Sa chanson, "The Code", "raconte le voyage que j'ai commencé en réalisant que je ne suis ni un homme ni une femme", a indiqué Nemo, qui demande à être désigné par des pronoms non-genrés et avait arboré le drapeau non-binaire lors de la parade d'ouverture de la compétition.
L'Union européenne de radio-télévision (UER), qui chapeaute le concours, interdit tout drapeau autre que ceux des pays participants, et notamment toute bannière à message politique.
"J'ai été obligé de passer en douce mon drapeau", a déploré Nemo, qui a estimé que l'"Eurovision a besoin de changer un peu" dans son mode de fonctionnement.
Le concours, suivi par de dizaines de millions de téléspectateurs à travers le monde, apparaît régulièrement comme une vitrine pour la communauté LGBTQ+. La drag queen à barbe autrichienne Conchita Wurst, vainqueur en 2014, ou le candidat français Bilal Hassani en 2019, sont entrés dans ses annales.

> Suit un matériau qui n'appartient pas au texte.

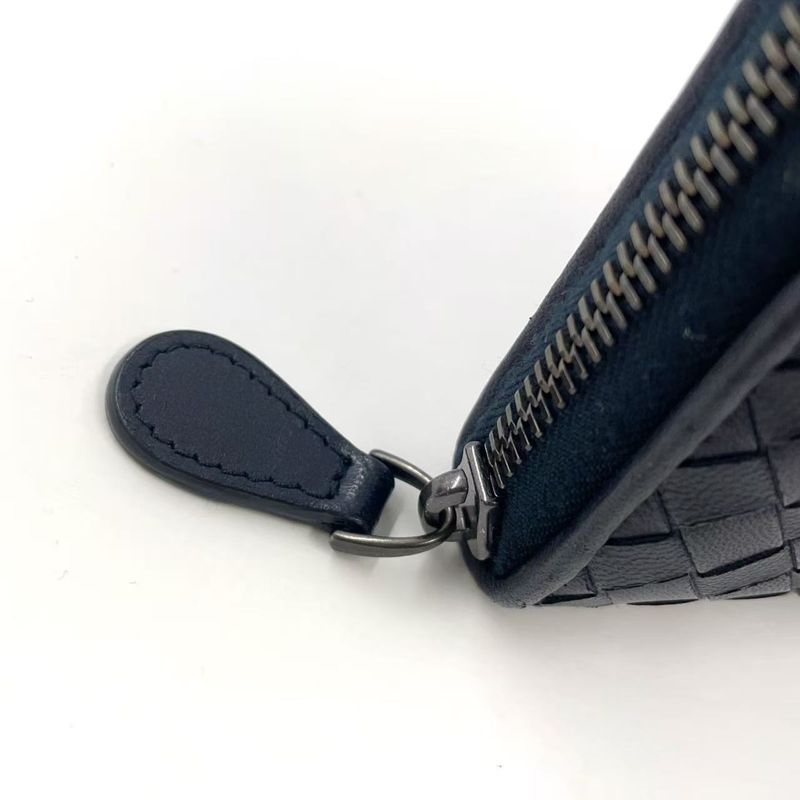 Bottega Veneta Intrecciato Round Zipper Leather Black Wallet Black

- Manifestants dispersés -
A Zagreb, plusieurs centaines de personnes ont suivi le spectacle sur un grand écran. Même s'il a vu la victoire lui échapper, Baby Lasagna "a rassemblé toute la Croatie. Nous pouvons être fiers de lui", a relevé une fan, Nina Plese, 34 ans.

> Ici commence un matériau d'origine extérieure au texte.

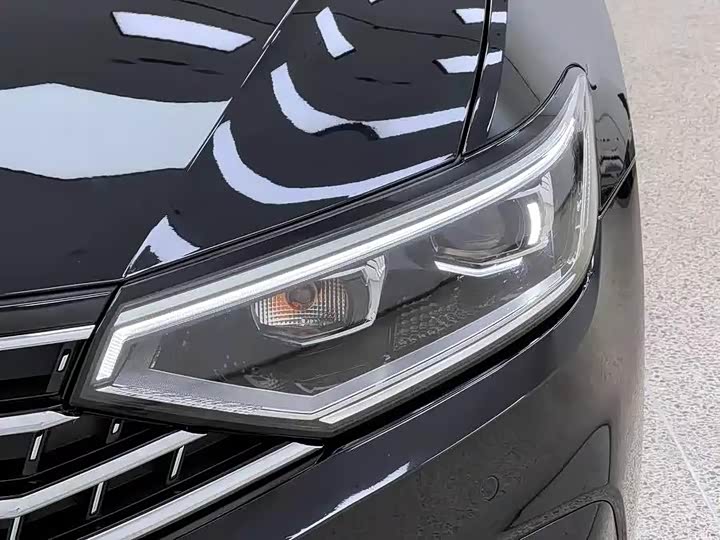 Фото 8 - Volkswagen Magotan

A Malmö, les forces de l'ordre avaient dispersé samedi une centaine de manifestants propalestiniens dont Greta Thunberg, plus connue pour ses prises de positions sur le climat mais qui a récemment multiplié les messages sur la question.
Quelque 5.000 personnes, selon la police, ont par ailleurs défilé dans le calme pour protester contre la participation d'Israël.

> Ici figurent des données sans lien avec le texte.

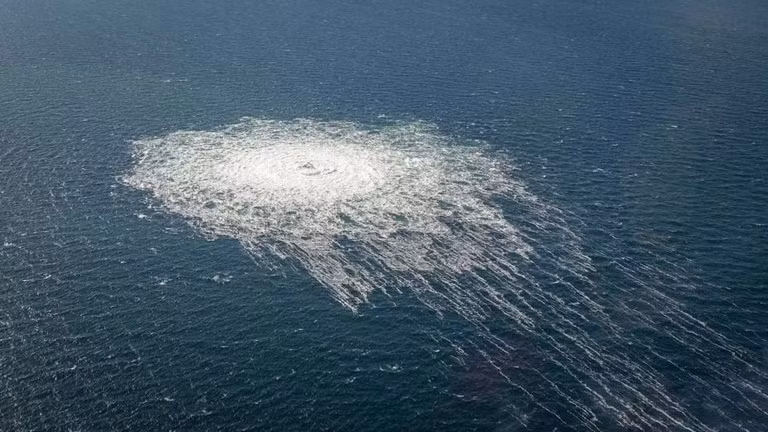 Khí đốt bị rò rỉ từ đường ống Nord Stream 2 gần Bornholm, Đan Mạch, ngày 27/9/2022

Les syndicats de la chaîne de télévision publique flamande VRT ont brièvement interrompu la retransmission samedi soir pour diffuser un message condamnant des "violations des droits de l'homme par l'Etat d'Israël", comme il l'avait fait jeudi lors de la deuxième demi-finale.
La guerre menée par Israël à Gaza contre le Hamas a fait au moins 34.971 morts, essentiellement des civils, selon un bilan du ministère de la Santé de l'organisation islamiste.
Elle a été déclenchée par l'attaque menée le 7 octobre par le Hamas qui a fait plus de 1.170 morts en territoire israéliens, des civils pour la plupart, selon un bilan de l'AFP établi à partir de données officielles israéliennes.